- DATA SUPPLIED
+ + + + + + +
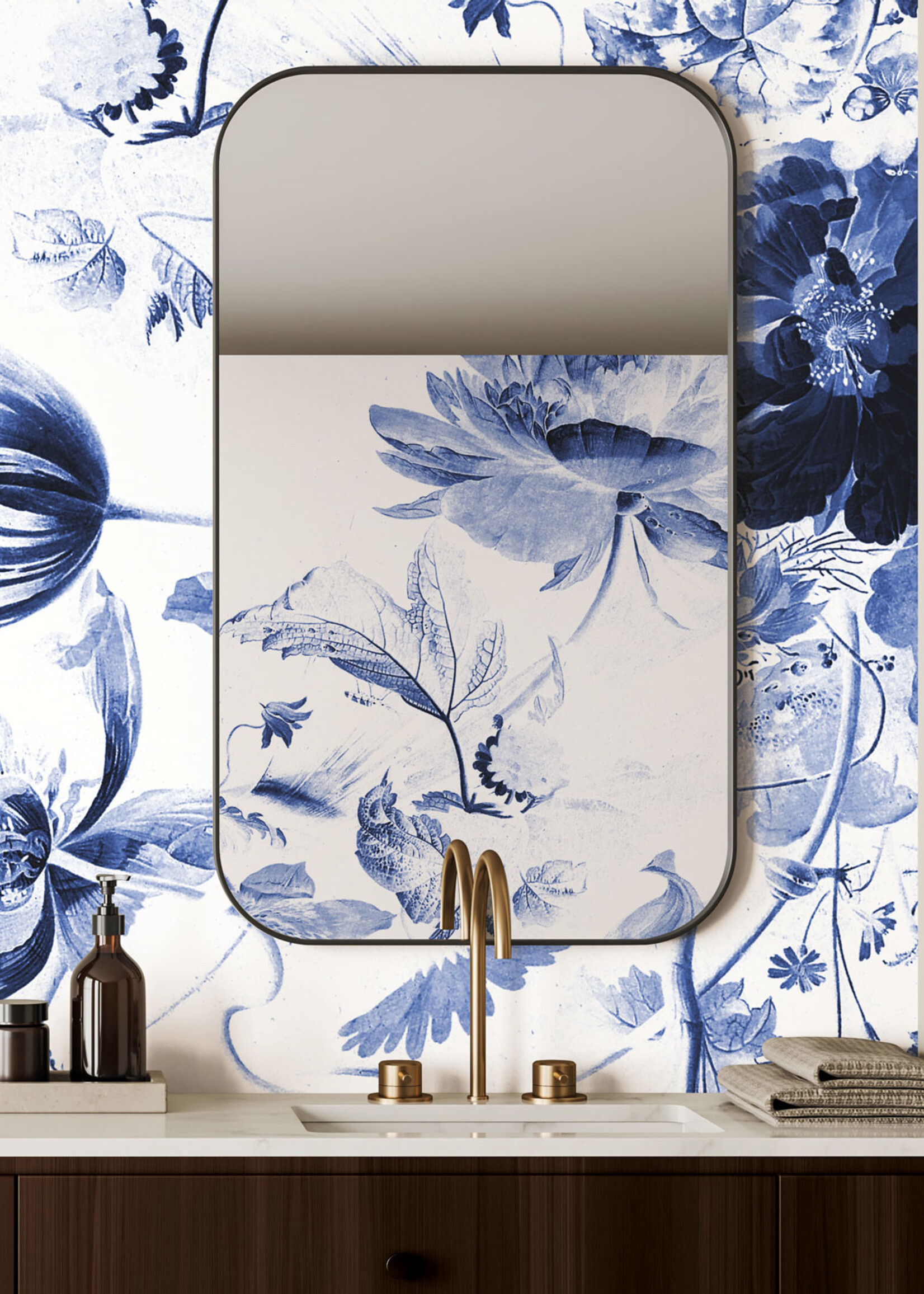 Wall Mural Royal Blue Flowers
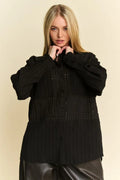 Davi & Dani Crinkled Jacquard Button Down Shirt - Velora Luxury Fashion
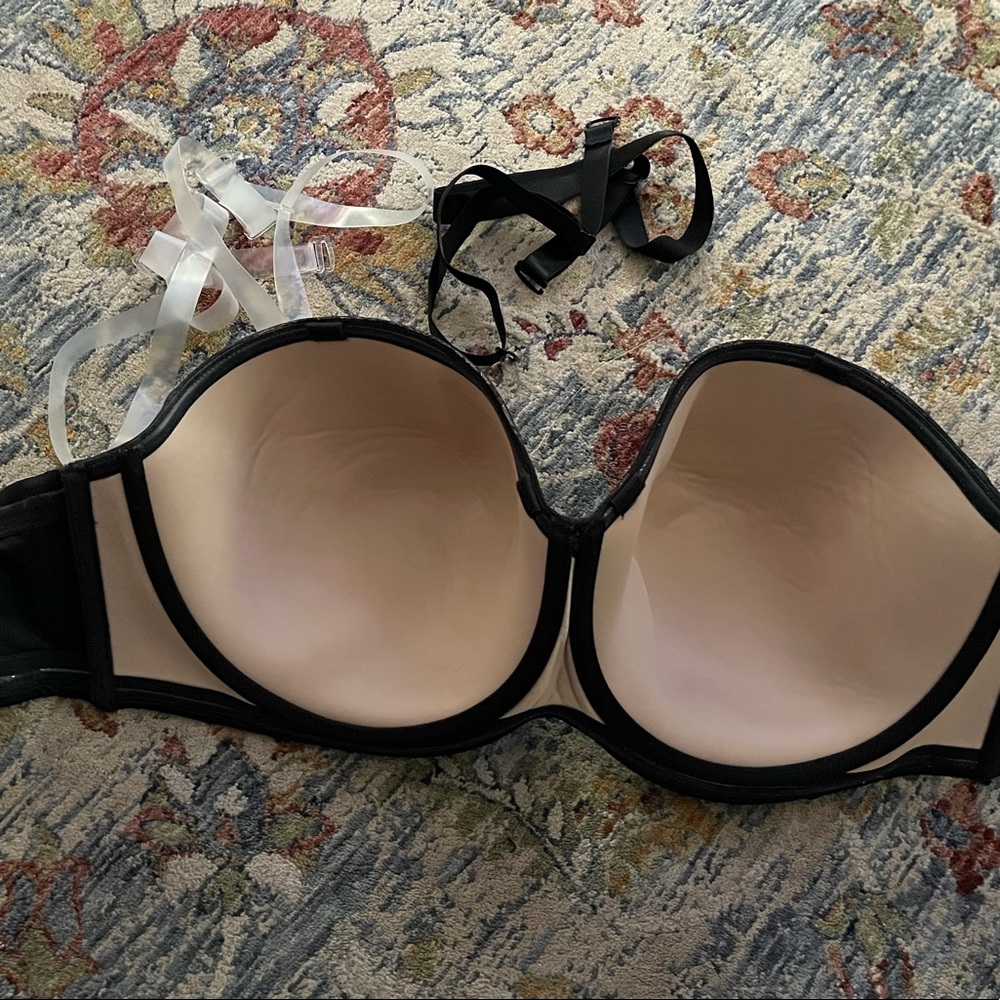 Curvy Couture Intimates Strapless Black Lace Bra 38H - Picture 3 of 6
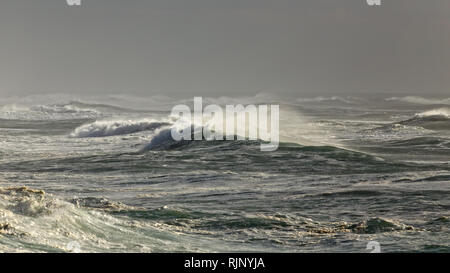 Les vagues de vent de l'océan de la pulvérisation. La côte portugaise en automne. Banque D'Images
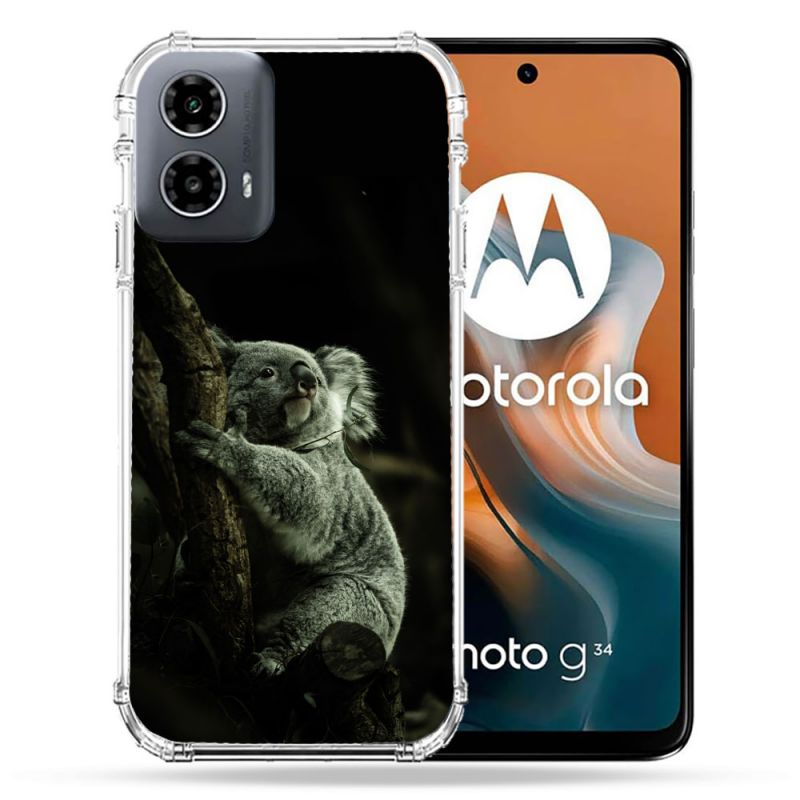 Coque Renforcée Pour Motorola G34 5G Animal Koala Noir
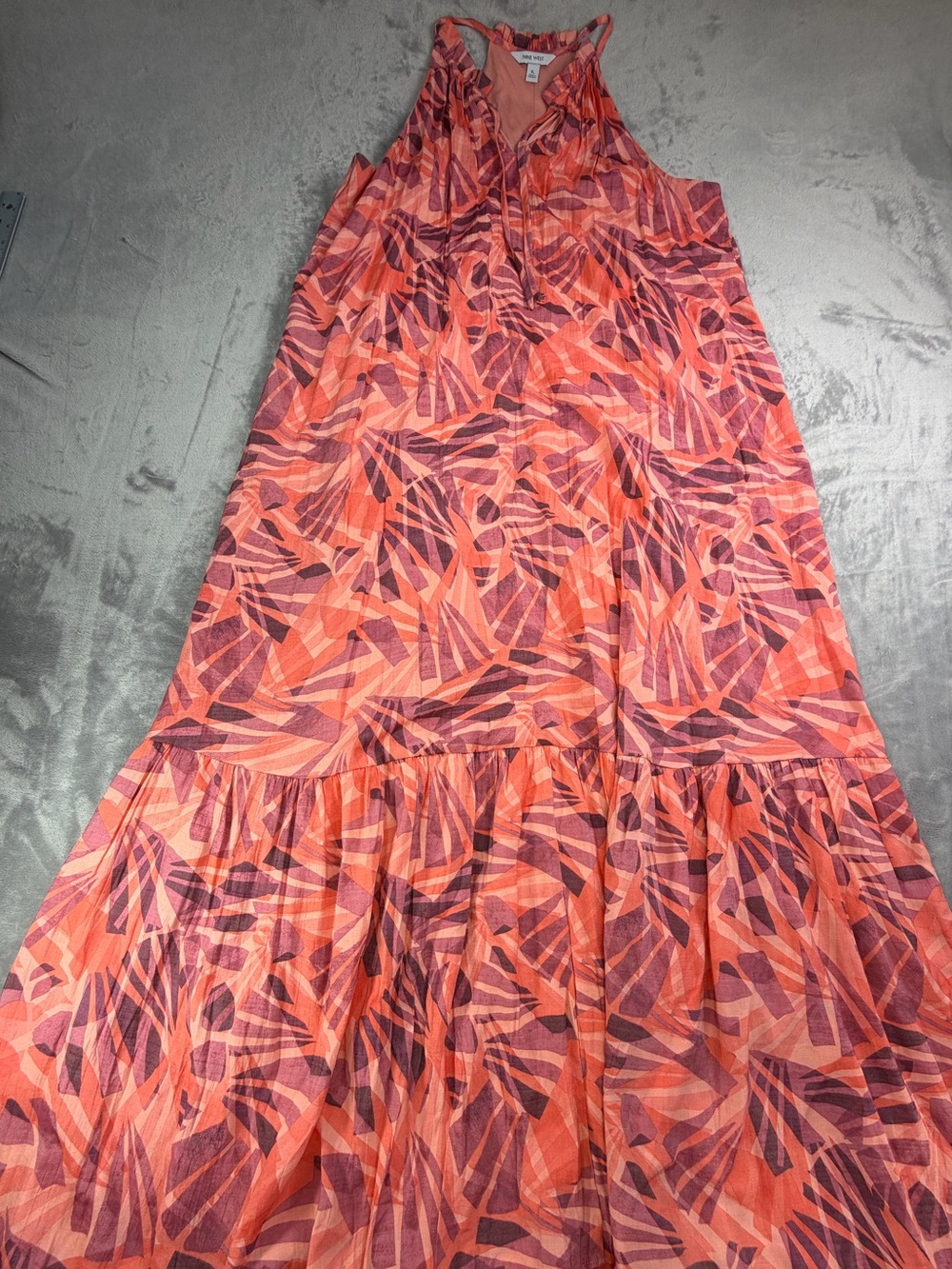 Nine West Coral and Magenta Printed Tiered Maxi Dress Guest Party Fall Beach XL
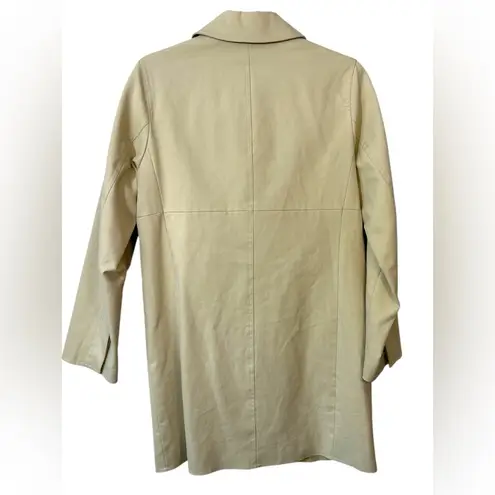 Coach  Leatherware Canvas Cotton Khaki Tan Hidden Button Long Trench‎ Coat Jacket - Image 3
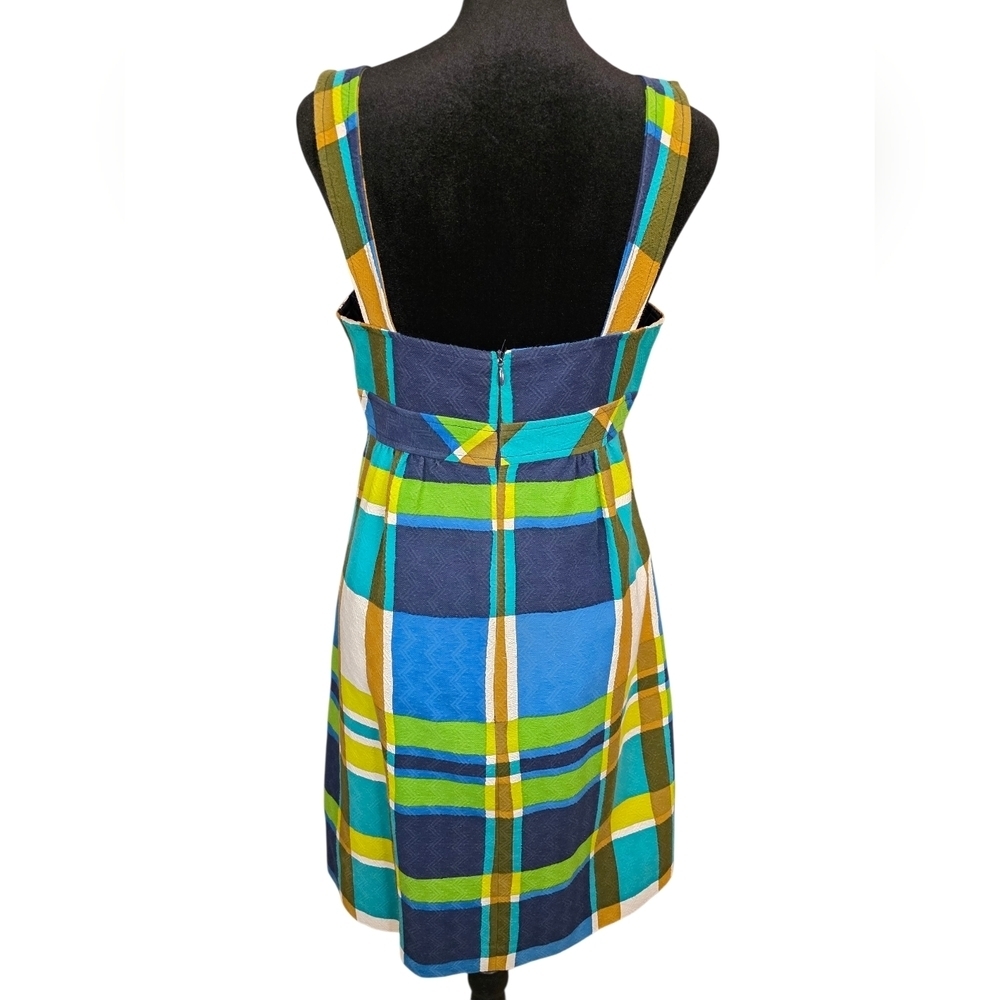 Trina Turk Retro Plaid Jacquard Sweetheart Neckline Fit-and-Flare Midi Dress 6 - Picture 7 of 16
+ + + + + + +
- EXERCISE
When you reach the line containing "Davi & Dani" in the entries above, please retype it and each line after it through the last one, exactly, without the pictures.

- RESULT BELOW
 Davi & Dani Crinkled Jacquard Button Down Shirt - Velora Luxury Fashion
 Curvy Couture Intimates Strapless Black Lace Bra 38H - Picture 3 of 6
 Les vagues de vent de l'océan de la pulvérisation. La côte portugaise en automne. Banque D'Images
 Coque Renforcée Pour Motorola G34 5G Animal Koala Noir
 Nine West Coral and Magenta Printed Tiered Maxi Dress Guest Party Fall Beach XL
 Coach  Leatherware Canvas Cotton Khaki Tan Hidden Button Long Trench‎ Coat Jacket - Image 3
 Trina Turk Retro Plaid Jacquard Sweetheart Neckline Fit-and-Flare Midi Dress 6 - Picture 7 of 16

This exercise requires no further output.